There are singers who can sell a lyric, and there are singers who make you wonder if the lyric was written about them personally — Etta James at seventy-something sits firmly in the second category, and I’ll Take Romance is the record that proves it still held true in 2003.
This was her standards album, which should tell you nothing surprising and yet everything important. By the time she walked into Capitol Studios in Hollywood to make it, James had already spent fifty years turning other people’s songs into confessions. Producer Barry Manilow — yes, that Barry Manilow, and no, don’t let it put you off — understood that the job here was not to modernize her. The job was to get out of her way.
The Room She Walked Into
Manilow arranged the whole thing for a live orchestra, and the sessions were recorded largely to two-track, old-school, with everyone in the room together. That decision shows up in the music. You can hear the air moving.
Dave Grusin was an early touchstone for how Manilow was thinking about the orchestrations — lush but never syrupy, strings used for warmth rather than decoration. The rhythm section locked in tight and then went quiet whenever James needed space, which was often.
The session players were the kind of Los Angeles studio elite who can follow a singer’s breath. Bass, brushed drums, quiet piano — the band functioned less like an ensemble and more like a listening ear.
What She Does to These Songs
The title track, a 1937 Oscar Hammerstein II and Ben Oakland number, gets treated like it was written last Tuesday. James doesn’t revere these melodies; she inhabits them.
“At Last” is here, of course. She’d been recording and performing that song since 1960, and by this point in her life she had stopped performing it and started living inside it during the three and a half minutes it takes to get through. The version on this record has a gravity that earlier takes don’t quite carry.
“Imagination” is the one I keep going back to. Jimmy Van Heusen’s melody sits high in the voice and James takes it slow, slower than you’d think the song could bear, and it holds.
There’s a version of “They Can’t Take That Away from Me” where she sounds like she’s conducting a private argument with the air. It’s a minor thing that becomes a major thing by the end.
I’ll admit I came to this record skeptically. A Manilow-produced standards album for an R&B legend in her mid-sixties felt like it had the words late-career obligation stamped on the cover. It does not. This is a record about what happens when a singer has nothing left to prove and everything left to say.
Just the Voice
The engineering on this record deserves a mention. The vocal sits in the mix at a distance that feels natural — not pinned to your forehead like a modern pop record, but present the way a singer is present when they’re in the same room.
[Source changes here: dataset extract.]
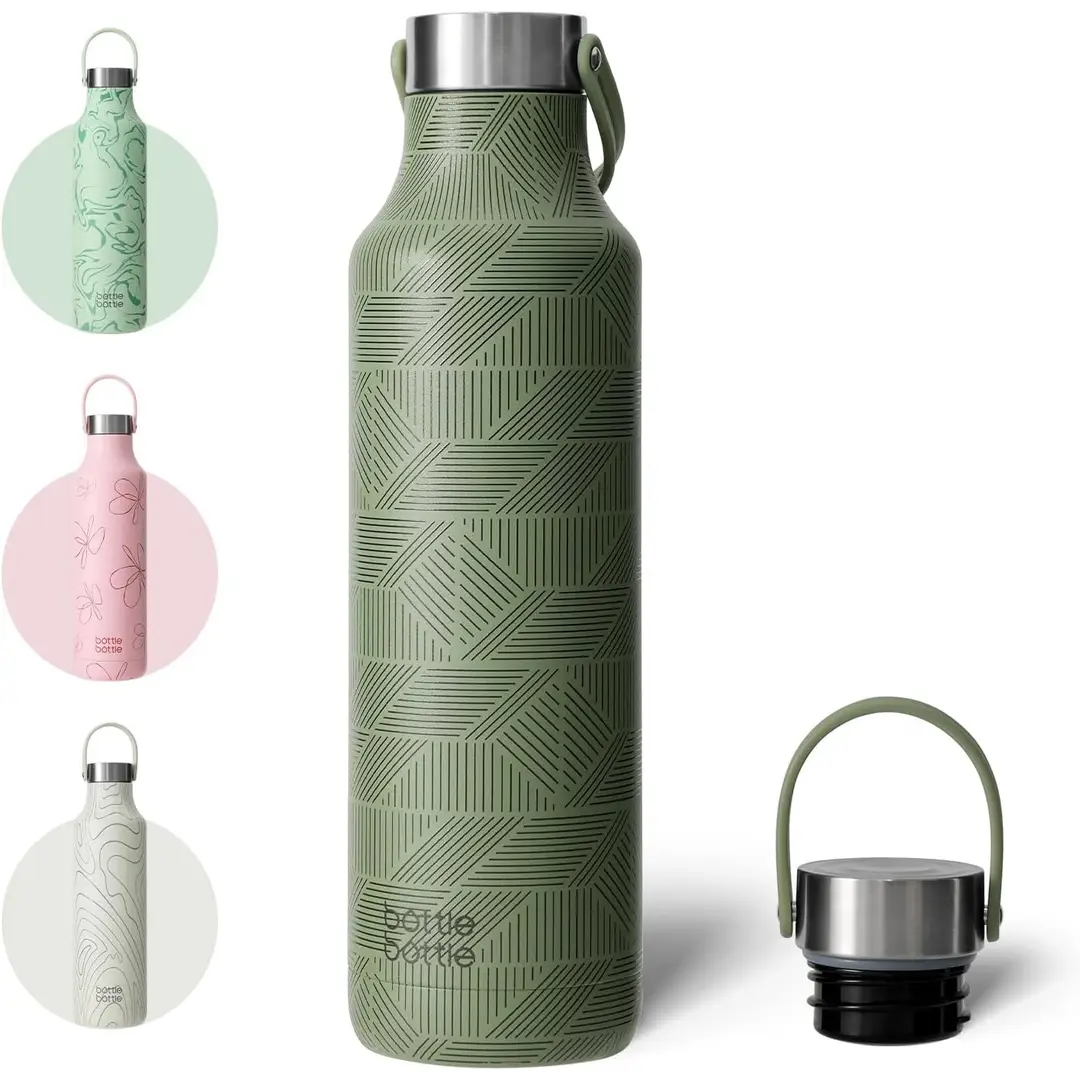 Bottle Bottle Gourde isotherme en acier inoxydable avec poignée, rayures vertes, 600 ml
Whatever microphone they put in front of James, it was the right one.
She sounds like someone who has been singing longer than most musicians have been alive and who has simply gotten better at all of it. The phrasing on the slower ballads is a masterclass in what rubato actually means in practice — not slowing down arbitrarily, but letting the time breathe exactly where the feeling requires it.
I’ll Take Romance didn’t make a lot of noise when it came out. It didn’t need to.